Of course there are news items that young ones won’t understand. There are stories I won’t bring up. For obvious reasons. But as soon as we sat down to share News and Journals the kids wanted to talk about Sandy Hook. Of course they did. How could they not be concerned? Since talking about what is happening in the world is what we do, it was as natural as anything to share their feelings.
Their biggest question was, “Why?” And, of course there was no clear answer for that. And, at my insistence, we directed our attention away from the weapons and the shooter. We talked about the children and teachers, the survivors, the sadness, and how hard it would be to get past this. We talked about the bravery of the children and adults in the school.
I am no expert in child psychology. When big tragedies come up I do not know exactly what is the best way to handle it. My first response to our children was – we are safe. Nothing like that will happen to us. I limited our talk to a fairly short time and no one had to say anything if they didn’t want to. I encouraged them to talk to their parents if they wanted and to just remember how lucky we are to have parents and other adults who love us and protect us.
On our first day back from Winter Break, we wrote letters. I told everyone that I wasn’t sure who would open our package – if anyone at all. They didn’t mind. It was doing something that seemed important. When I asked the kids what we could write about, the suggestions were brilliant and sweet and sincere and touching.
I am not sure who to send them to, and maybe it doesn’t really matter. I will mail them.
Sandy Hook Elementary School
Our package is a message in a bottle. And if no one ever reads them, that’s OK. The hour or so that my young friends spent writing and drawing may have been one of the most important things we will do in the two years we’ll be together.
…Dear the person who is reading this note…I don’t know whose hands this will be given to… I love my friends… Dear Kids… Dear Anyone… Dear People in Connecticut… Dear Someone… Dear Guys… To the tragic school friends, families, loved ones… I am not sure who I am writing to…
I feel bad for your friends or teachers… I know you will find new friends… I feel really bad for you and hope that you will be happy… I will always remember you. Please make new friends. You can do it… I always want you to know that you are in my heart… I am so glad that you guys are safe. What matters to me the most is that you are safe and unharmed… You should grow up to be good, nice and be loved… You are safe in a new school and you have a new sweet teacher… I would have tried to save you if I was there… Give support to your friends and look out for others… I know that you were scared and brave and you are cool kids… I know that I can’t bring your friends back but I can give you hope… I know your friends are in God’s hands. I know that you are well protected… If I could bring your friends back to life I would… When I heard your friends were killed I almost burst out crying… Sit by some friends and comfort them… Even though I don’t know you – I still love you… Whenever I think about you guys there is sadness in my heart. I love you guys.

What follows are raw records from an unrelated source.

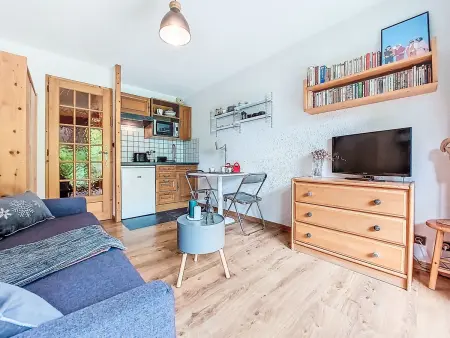 Clos du Savoy, Appartement 2 personnes à Chamonix - Photo 18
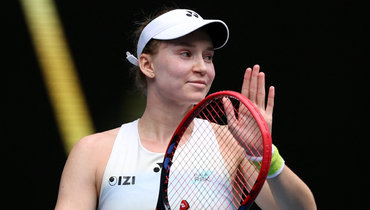 Рыбакина подтвердила претензии на новый титул: нокаутировала в Австралии вторую ракетку мира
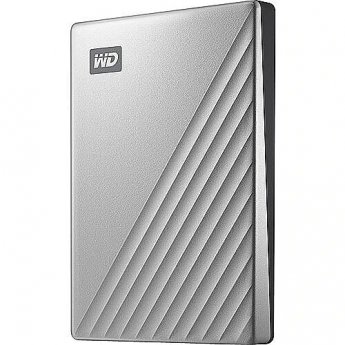 Western Digital My Passport Ultra, 2TB, Silver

One of the kids asked, before we sat down to write, if she could sign her letter with the word love. “How can you love someone you’ve never met?” asked one. “Well I love them, answered a little boy instantly. Almost all of the letters that grew out of our conversation were signed with the most powerful word there is.

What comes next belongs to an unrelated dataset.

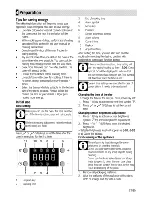 Предварительный просмотр 21 страницы Leisure Consumer Products CLA60GA User Manual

It’s easy to feel hopeless after a tragedy like this; a tragedy which could have been avoided or lessened but for the foolishness of grownups. But as I looked around our classroom and saw those 22 beautiful faces, 22 earnest, sincere, caring children trying to make someone feel better with their words – it gave me hope.
A long time from now, when the folks of Newtown can look back on the memories of their loved ones and smile, when their images bring only happiness - then love will conquer the hate and sickness that brought so much sadness to their little community.